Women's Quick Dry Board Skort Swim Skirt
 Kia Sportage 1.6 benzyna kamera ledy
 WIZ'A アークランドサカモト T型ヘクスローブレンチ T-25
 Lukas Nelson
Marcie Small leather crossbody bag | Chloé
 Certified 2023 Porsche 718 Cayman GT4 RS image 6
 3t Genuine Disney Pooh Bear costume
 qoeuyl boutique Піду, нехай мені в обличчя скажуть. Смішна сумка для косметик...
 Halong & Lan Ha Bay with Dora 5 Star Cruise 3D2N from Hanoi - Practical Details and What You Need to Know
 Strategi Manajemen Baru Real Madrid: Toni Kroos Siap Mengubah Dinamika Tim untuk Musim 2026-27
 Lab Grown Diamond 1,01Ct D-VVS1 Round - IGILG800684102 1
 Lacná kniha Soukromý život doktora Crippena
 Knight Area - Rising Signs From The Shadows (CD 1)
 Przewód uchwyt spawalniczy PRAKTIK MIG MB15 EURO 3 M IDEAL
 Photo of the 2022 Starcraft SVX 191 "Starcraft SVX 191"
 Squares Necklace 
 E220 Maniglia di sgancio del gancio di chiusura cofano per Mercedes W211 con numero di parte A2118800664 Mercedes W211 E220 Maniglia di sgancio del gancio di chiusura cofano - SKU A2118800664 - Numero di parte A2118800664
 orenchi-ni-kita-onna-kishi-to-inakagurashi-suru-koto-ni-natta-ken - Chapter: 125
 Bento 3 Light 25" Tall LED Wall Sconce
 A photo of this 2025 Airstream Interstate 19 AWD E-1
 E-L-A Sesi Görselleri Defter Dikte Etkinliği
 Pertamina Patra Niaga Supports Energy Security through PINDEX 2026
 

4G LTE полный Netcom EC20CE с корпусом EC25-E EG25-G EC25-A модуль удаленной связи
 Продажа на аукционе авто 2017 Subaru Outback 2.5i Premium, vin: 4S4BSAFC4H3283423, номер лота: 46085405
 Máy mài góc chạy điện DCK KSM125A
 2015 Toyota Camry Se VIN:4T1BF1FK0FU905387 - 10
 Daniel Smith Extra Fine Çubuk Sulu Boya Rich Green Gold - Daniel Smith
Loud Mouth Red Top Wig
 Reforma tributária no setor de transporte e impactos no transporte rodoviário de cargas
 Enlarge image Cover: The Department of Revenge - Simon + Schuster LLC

┄┄┄┄┄┄┄┄┄┄

AIM OF THE EXERCISE: Repeat the entries word for word. Skip none of them.

ANSWER BOX:
Women's Quick Dry Board Skort Swim Skirt
 Kia Sportage 1.6 benzyna kamera ledy
 WIZ'A アークランドサカモト T型ヘクスローブレンチ T-25
 Lukas Nelson
Marcie Small leather crossbody bag | Chloé
 Certified 2023 Porsche 718 Cayman GT4 RS image 6
 3t Genuine Disney Pooh Bear costume
 qoeuyl boutique Піду, нехай мені в обличчя скажуть. Смішна сумка для косметик...
 Halong & Lan Ha Bay with Dora 5 Star Cruise 3D2N from Hanoi - Practical Details and What You Need to Know
 Strategi Manajemen Baru Real Madrid: Toni Kroos Siap Mengubah Dinamika Tim untuk Musim 2026-27
 Lab Grown Diamond 1,01Ct D-VVS1 Round - IGILG800684102 1
 Lacná kniha Soukromý život doktora Crippena
 Knight Area - Rising Signs From The Shadows (CD 1)
 Przewód uchwyt spawalniczy PRAKTIK MIG MB15 EURO 3 M IDEAL
 Photo of the 2022 Starcraft SVX 191 "Starcraft SVX 191"
 Squares Necklace 
 E220 Maniglia di sgancio del gancio di chiusura cofano per Mercedes W211 con numero di parte A2118800664 Mercedes W211 E220 Maniglia di sgancio del gancio di chiusura cofano - SKU A2118800664 - Numero di parte A2118800664
 orenchi-ni-kita-onna-kishi-to-inakagurashi-suru-koto-ni-natta-ken - Chapter: 125
 Bento 3 Light 25" Tall LED Wall Sconce
 A photo of this 2025 Airstream Interstate 19 AWD E-1
 E-L-A Sesi Görselleri Defter Dikte Etkinliği
 Pertamina Patra Niaga Supports Energy Security through PINDEX 2026
 

4G LTE полный Netcom EC20CE с корпусом EC25-E EG25-G EC25-A модуль удаленной связи
 Продажа на аукционе авто 2017 Subaru Outback 2.5i Premium, vin: 4S4BSAFC4H3283423, номер лота: 46085405
 Máy mài góc chạy điện DCK KSM125A
 2015 Toyota Camry Se VIN:4T1BF1FK0FU905387 - 10
 Daniel Smith Extra Fine Çubuk Sulu Boya Rich Green Gold - Daniel Smith
Loud Mouth Red Top Wig
 Reforma tributária no setor de transporte e impactos no transporte rodoviário de cargas
 Enlarge image Cover: The Department of Revenge - Simon + Schuster LLC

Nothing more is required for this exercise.